Why is the list of files and stat dates needed? Any change done by RPM
to add or remove a file from the directory, should cause the mtime for
the directory to be updated. It doesn't really matter what the change is
- it only matters that the change is detected.
The case for needing to check the files *in* the directory, would be a
concern about the modules keeping the same name, but being updated in
place. I'm doubtful that this ever occurs for real, as it would cause
breakage for running programs. Existing running programs would mmap() or
similar the binaries into memory, and cannot be updated in place.
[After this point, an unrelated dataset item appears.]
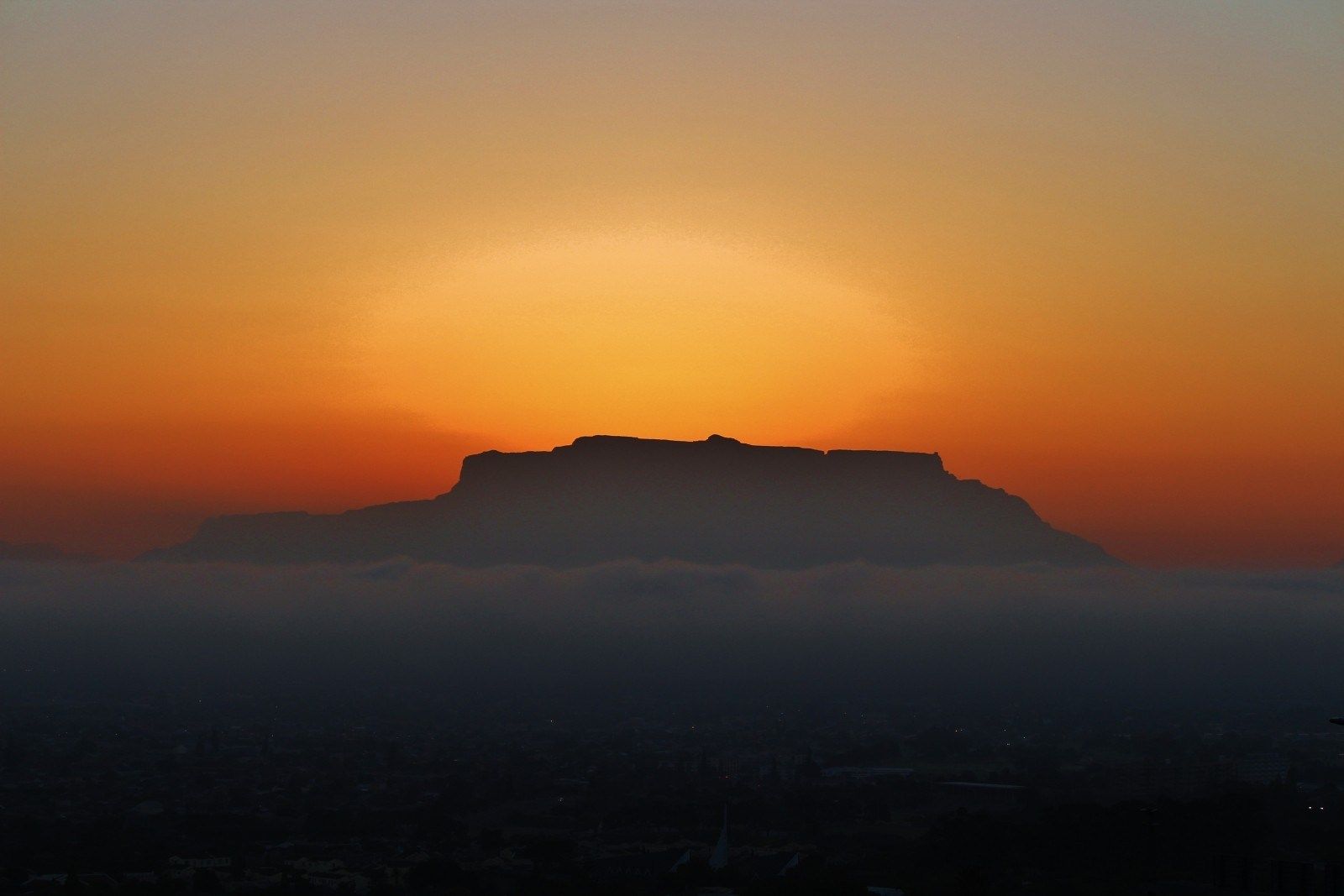 Que faire à Cape Town ? 3 itinéraires pour découvrir la ville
Instead, the inode remains alive, and a new file is created with the
same name, to replace the old file, and once all file descriptors are
closed - the inode is deleted.
So, unless there is a hierarchical directory structure - I believe
checking the modules directory timestamp is near 100% accuracy for
whether modules were added, removed, or updated using "safe" deployment
practices either by RPM or "make install".
I wrote a small test program that checks mtime (also tried ctime) and it
only changes on the directory when files are added and deleted. There is no
change to either if a file in the directory has been updated. It would be
really convenient to check only the directory to see if its' contents have
changed but I'm not aware of how to do that other than with something like
inotify. Suggestions welcomed.
IIUC, Mark's point is that an RPM update won't replace the file in-placec.
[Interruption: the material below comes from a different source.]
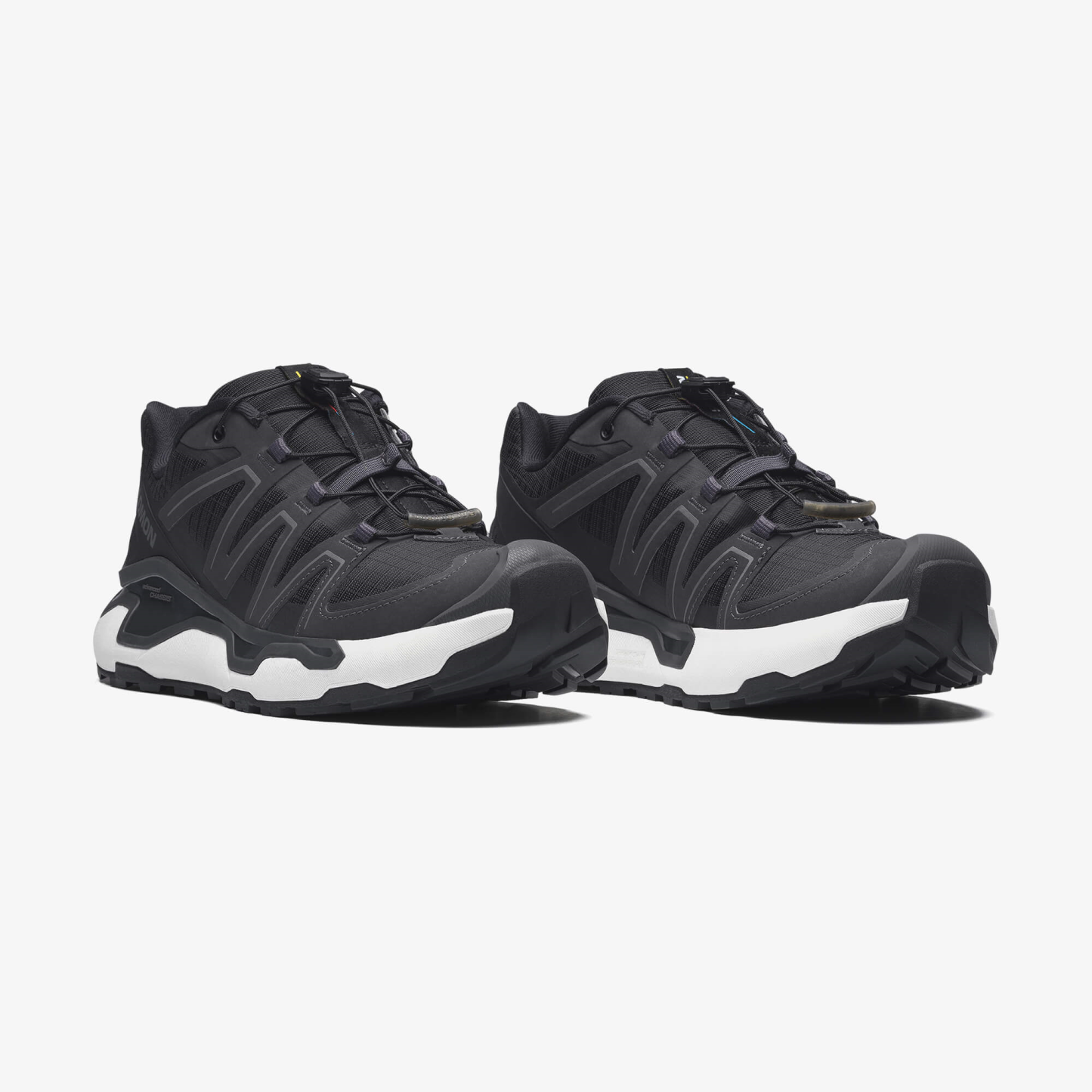 Salomon XC ROAM Kadın Sneaker Asphalt L49126800 - Asphalt [L49127000] - L49127000 - image 3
It will write out a new temporary file and then rename over the top of the
old file, which should trigger an update on the directory mtime.
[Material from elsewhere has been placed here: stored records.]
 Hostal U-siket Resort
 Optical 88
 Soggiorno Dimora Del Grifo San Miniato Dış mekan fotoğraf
Ah, right. I wasn't considering the behavior of package mangers. My simple test
of appending to an existing file doesn't simulate that. Indeed checking mtime on
the directory should work.
I can work on a patch, but one last question is the location of the directory?
It looks like qemu searches all over the place for modules: QEMU_MODULE_DIR env
var, CONFIG_QEMU_MODDIR, directory up from the executable location, directory of
executable location, var/run/qemu. I suppose downstreams will go with
CONFIG_QEMU_MODDIR for module location. Should libvirt have a config option to
specify the path, so downstream can coordinate that between the packages?